**Assigned task:** Repeat exactly, and nothing more, the lines from the one that includes "Wine Lehenga Party" through the final line of the entries; skip the pictures.

========================================================================

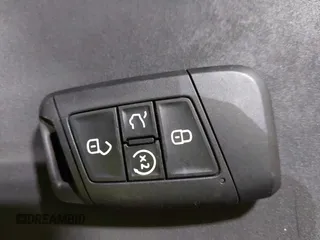 2023 Volkswagen Taos SE z VIN 3VVNX7B24PM315708, wystawiony jako IAAI lot #41935409 z przebiegiem 47 593 mil mil oraz . Historia ofert i sprzedaży dostępna na DreamBid. Obrazek 11.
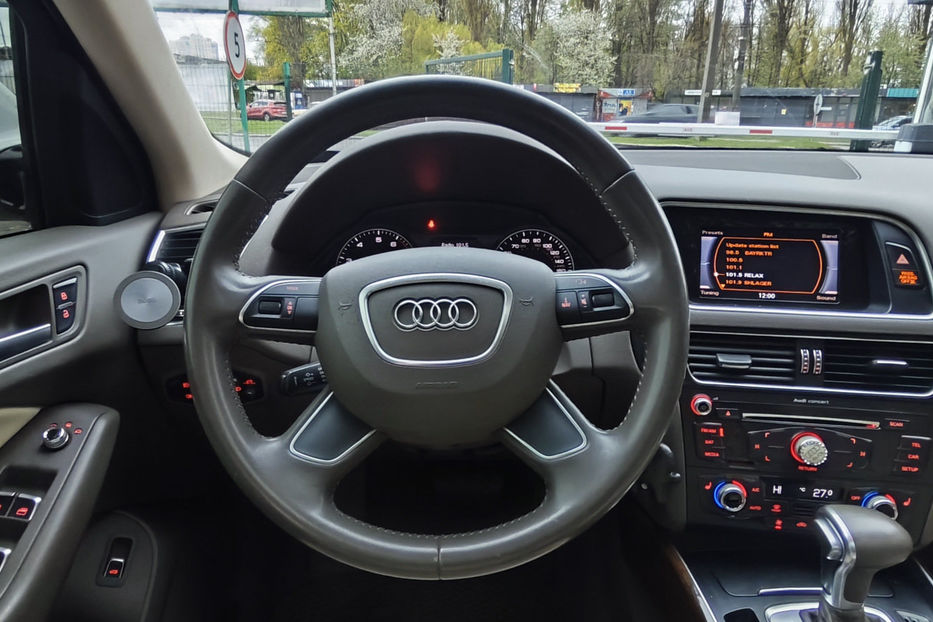 Продам Audi Q5 2.0 TFSI Tiptronic (225 к.с.)  2014 года в Киеве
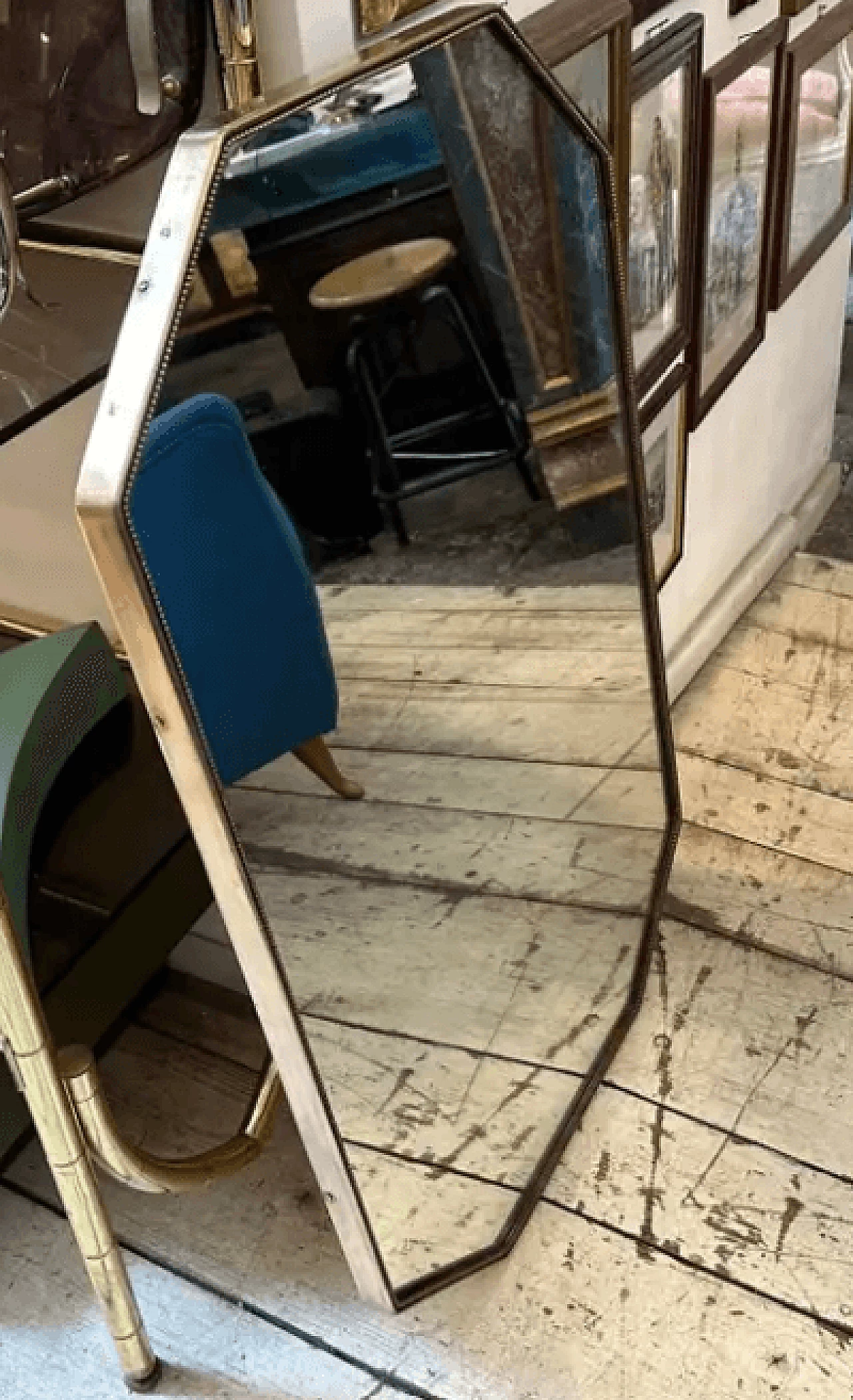 Brass octagonal wall mirror in the style of Gio Ponti, 1960s 7
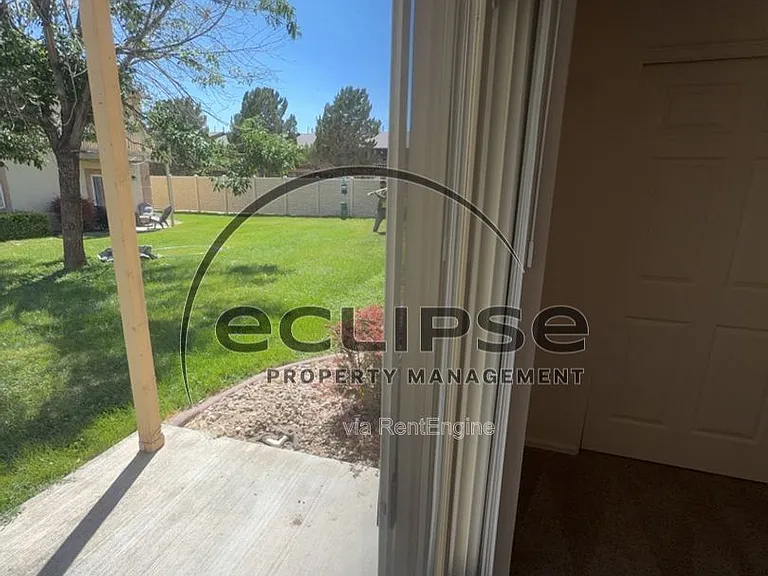 493 Coronado Way #A — Photo 32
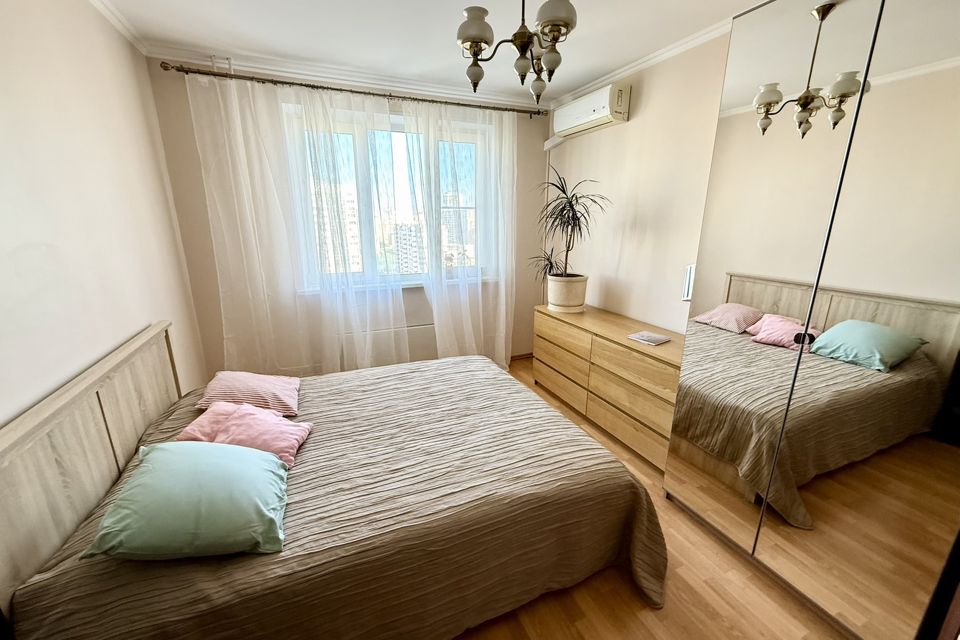 Продаётся 3-комнатная квартира, 72.5 м²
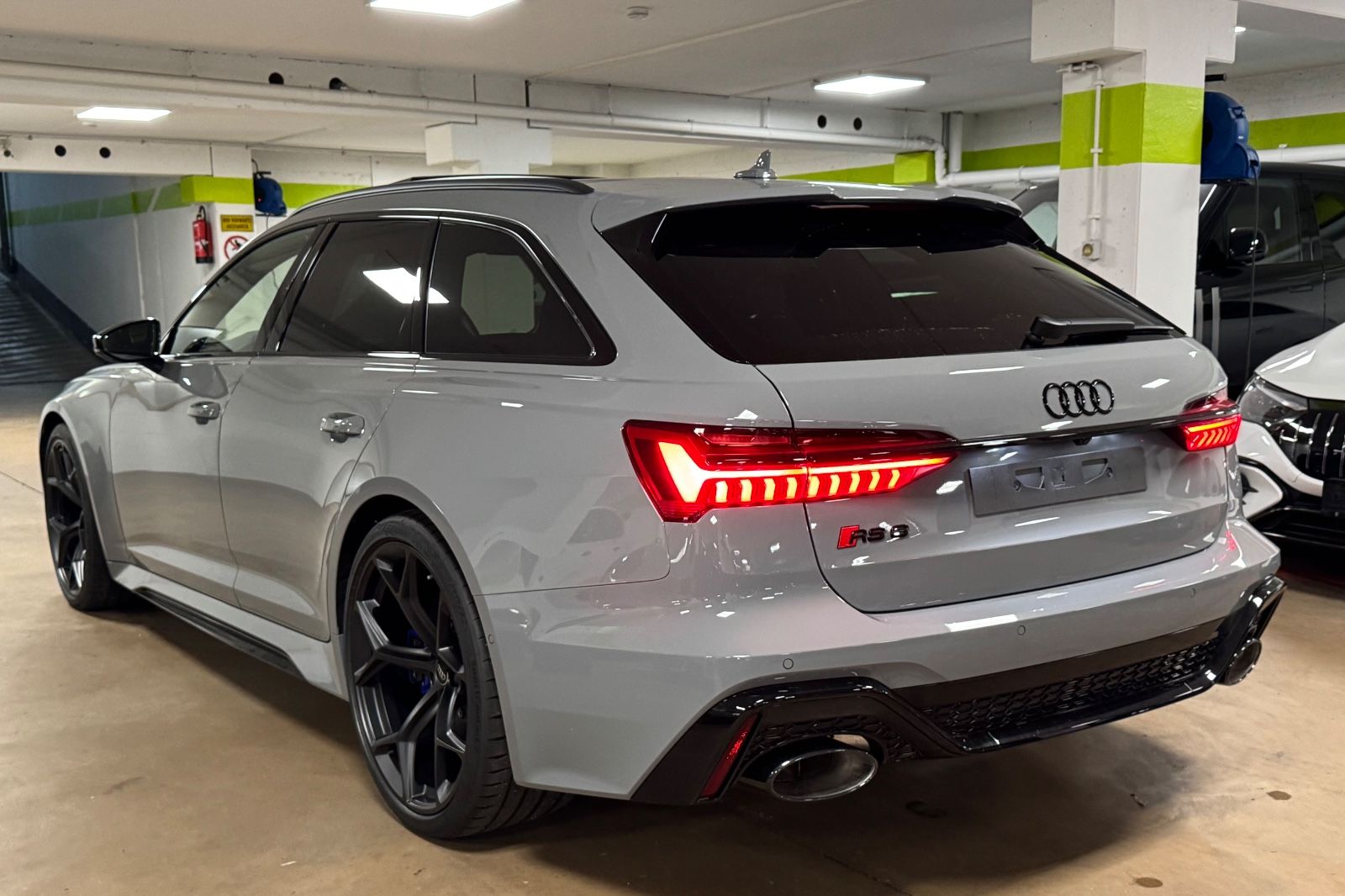 Fahrzeugabbildung Audi RS6 PERFORMANCE SCHALENSITZE CERAMIC B&O 25 FULL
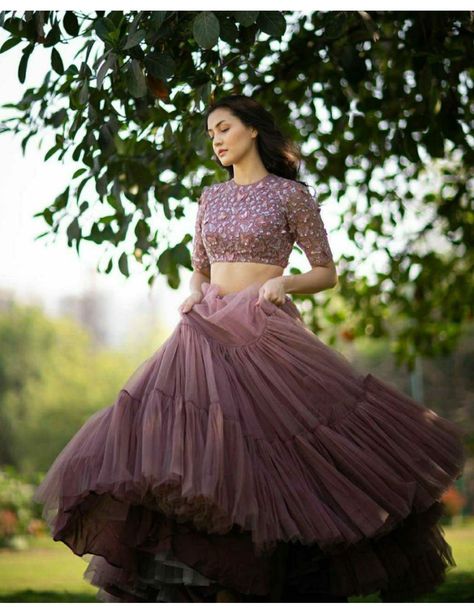 Wine Lehenga Party Wear, Net Lehenga Designs Latest Bridal, Net Frok Designs For Women Wedding, Lahenga Design Latest Party Wear, Lehenga Designs Color Combinations, Croptop Lehenga Designs Latest, Ruffle Lehenga Designs, Lehanga Designs Latest For Women, Lehenga Designs Latest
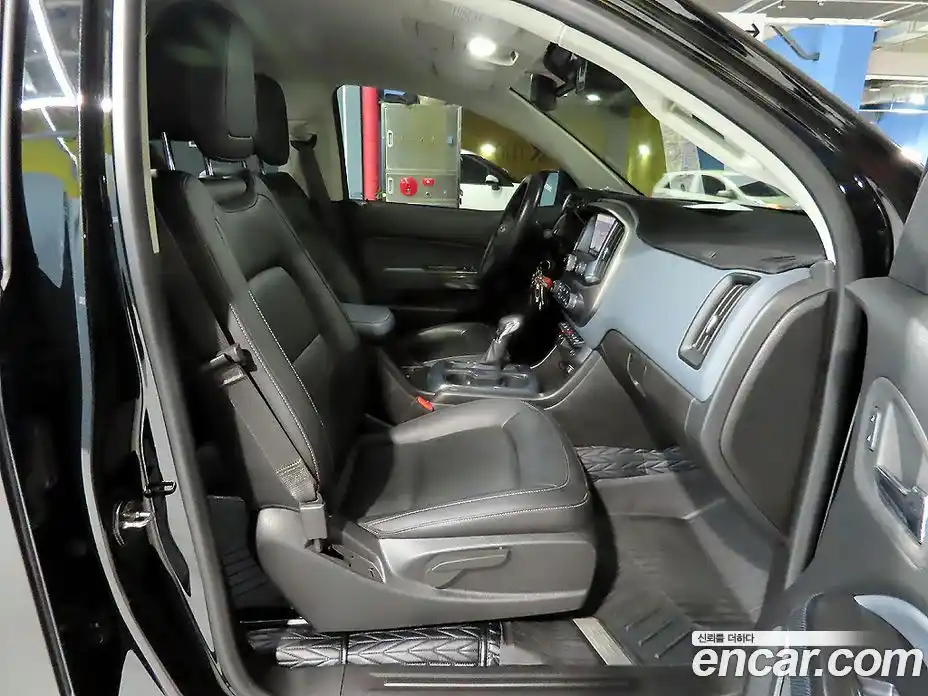 Chevrolet Colorado 2022 3.6 Автомат в Москве № 203470, фото 8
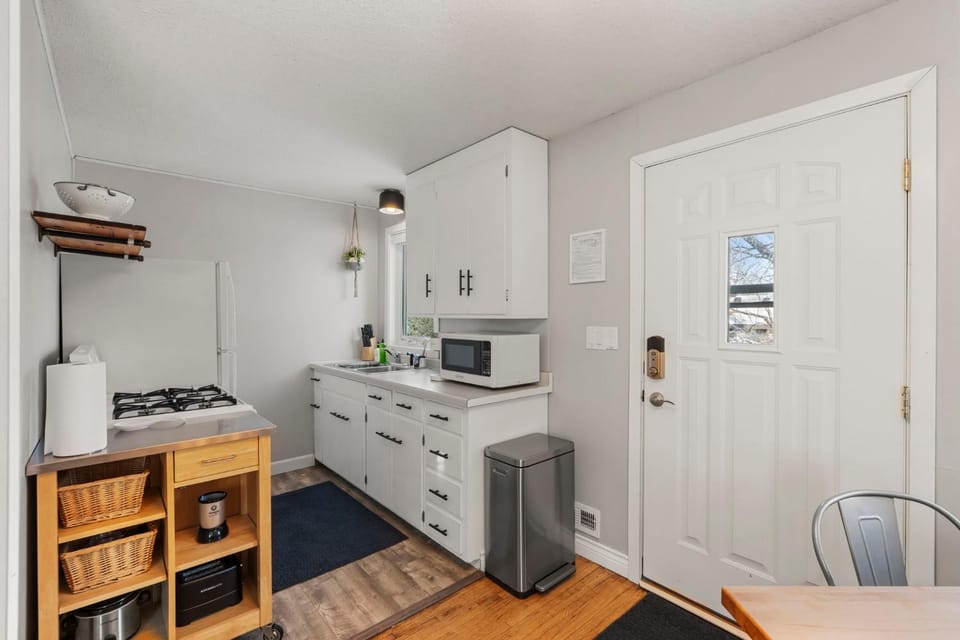 TV and multimedia, Kitchen or kitchenette, furniture, microwave, stove, elevator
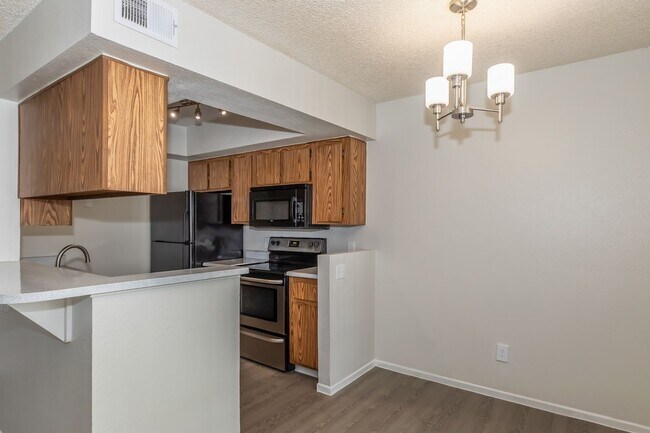 Hidden Village, Phoenix, AZ 85016 - photo 3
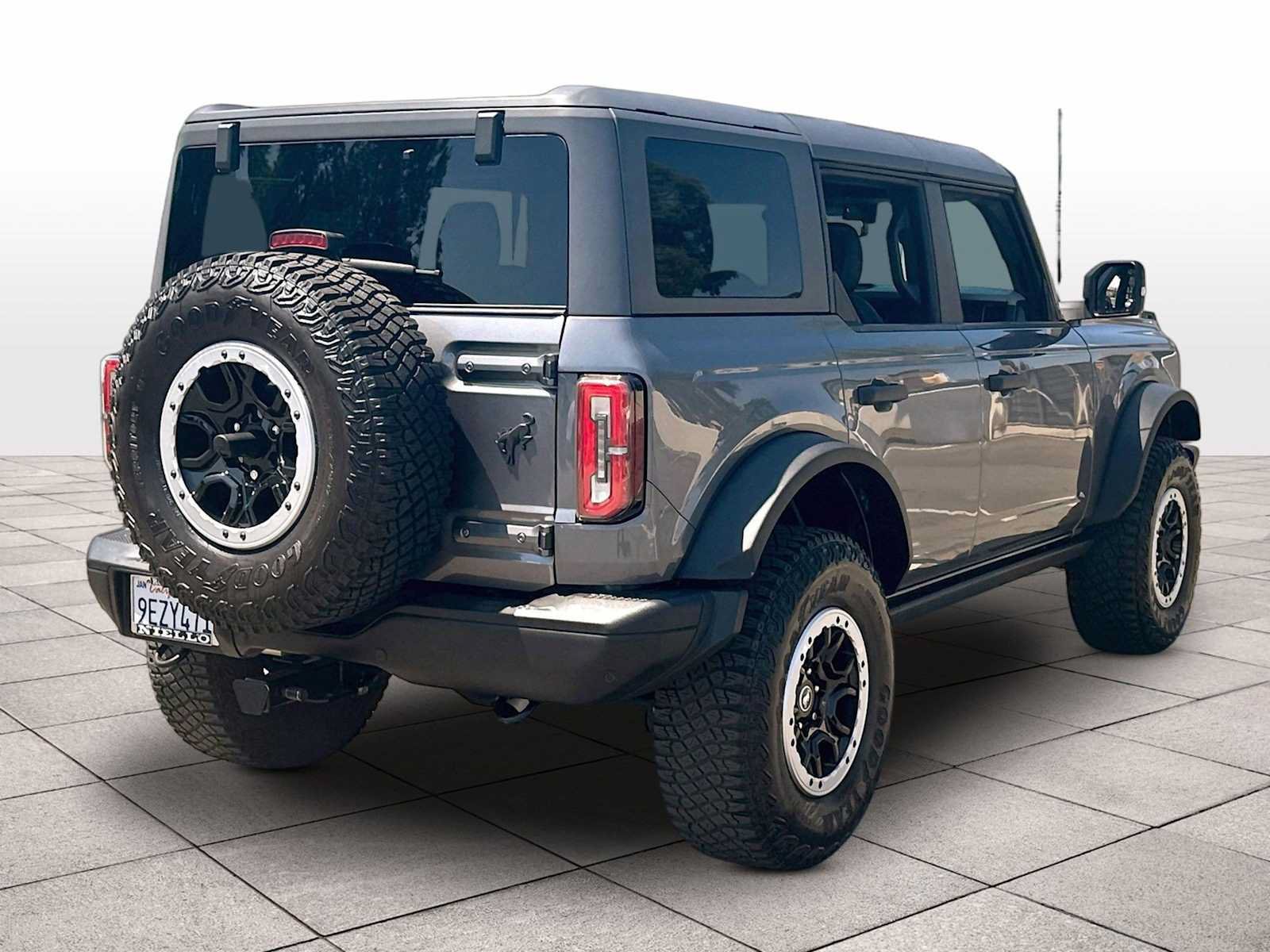 Used 2023 Ford Bronco Badlands w/ Sasquatch Package AWD/4WD image 14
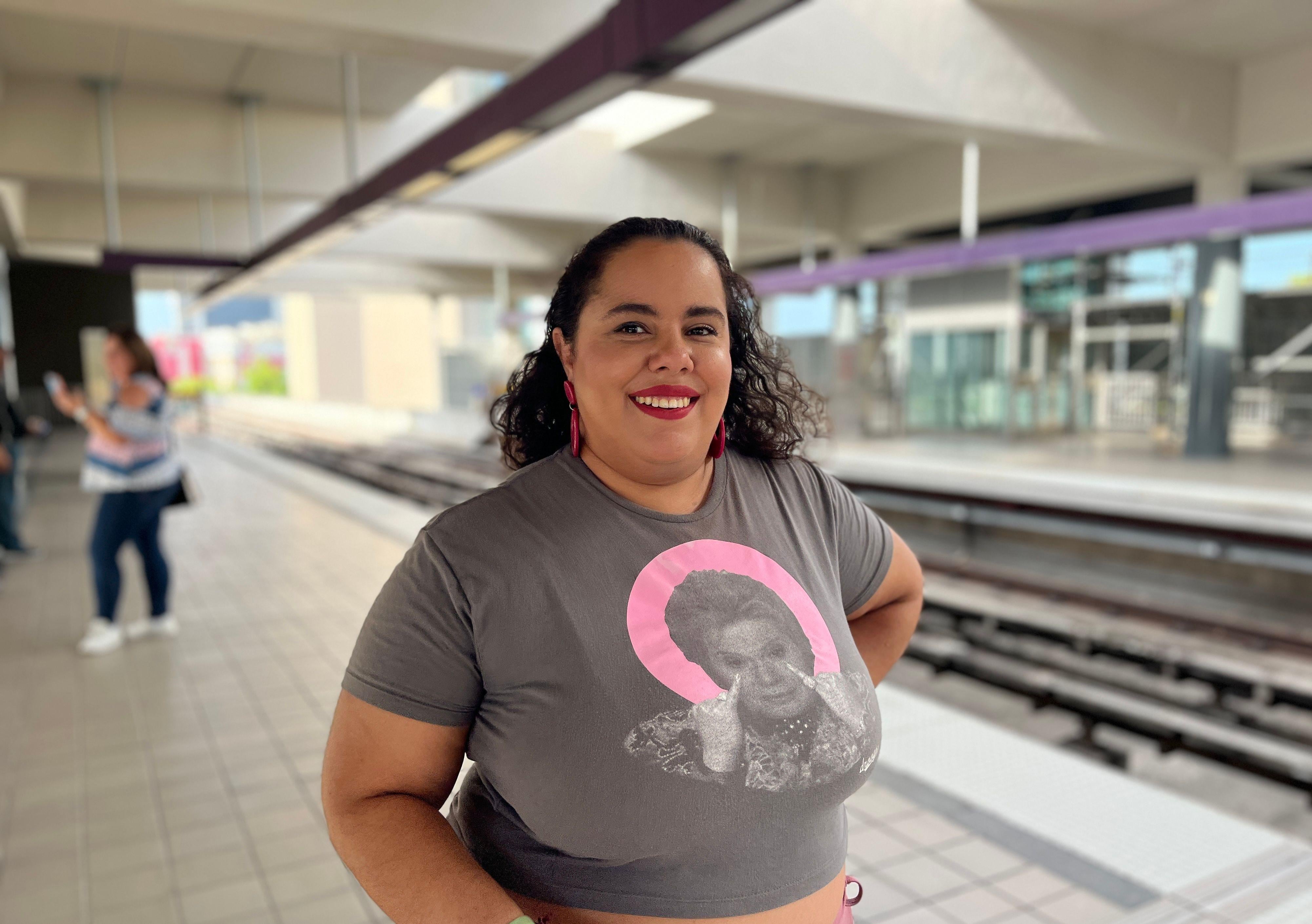 Brenda Mejía afirma que sus amigos y familiares la catalogan como una persona “rara” por utilizar el transporte público de Puerto Rico. (RONALD ÁVILA-CLAUDIO).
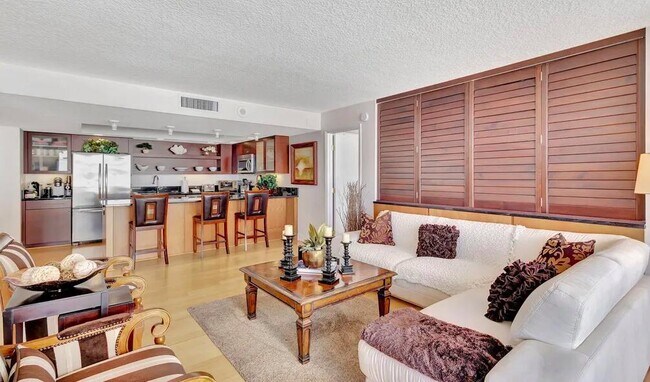 Building Photo - 4200 N Ocean Dr
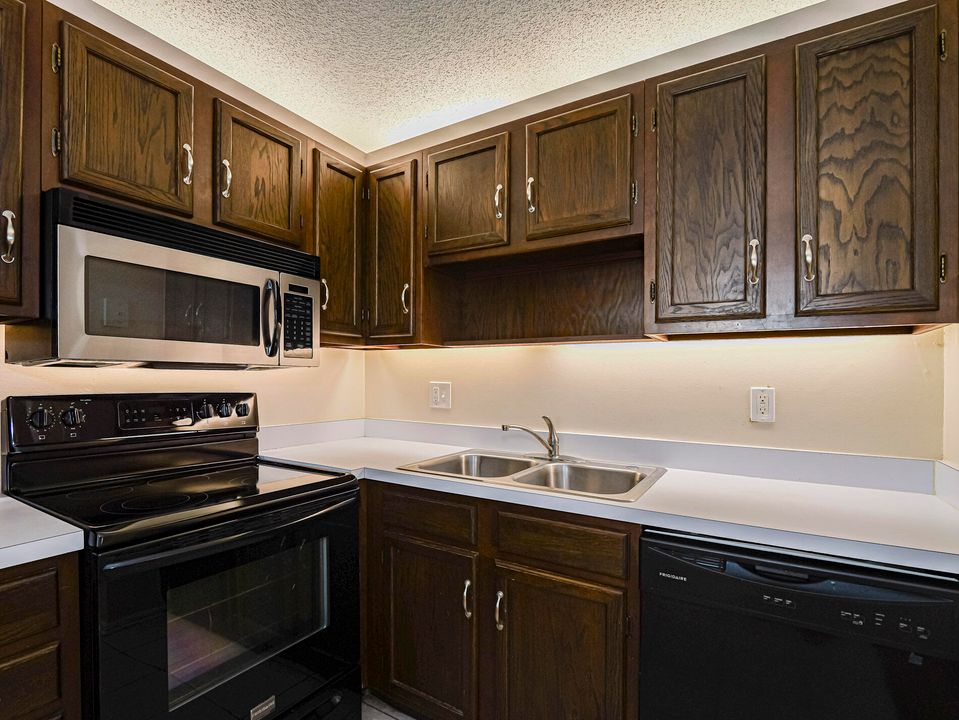 For Rent: $1,500 (2 beds, 2 baths, 1000 Square Feet)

========================================================================

**Reply:**
 Wine Lehenga Party Wear, Net Lehenga Designs Latest Bridal, Net Frok Designs For Women Wedding, Lahenga Design Latest Party Wear, Lehenga Designs Color Combinations, Croptop Lehenga Designs Latest, Ruffle Lehenga Designs, Lehanga Designs Latest For Women, Lehenga Designs Latest
 Chevrolet Colorado 2022 3.6 Автомат в Москве № 203470, фото 8
 TV and multimedia, Kitchen or kitchenette, furniture, microwave, stove, elevator
 Hidden Village, Phoenix, AZ 85016 - photo 3
 Used 2023 Ford Bronco Badlands w/ Sasquatch Package AWD/4WD image 14
 Brenda Mejía afirma que sus amigos y familiares la catalogan como una persona “rara” por utilizar el transporte público de Puerto Rico. (RONALD ÁVILA-CLAUDIO).
 Building Photo - 4200 N Ocean Dr
 For Rent: $1,500 (2 beds, 2 baths, 1000 Square Feet)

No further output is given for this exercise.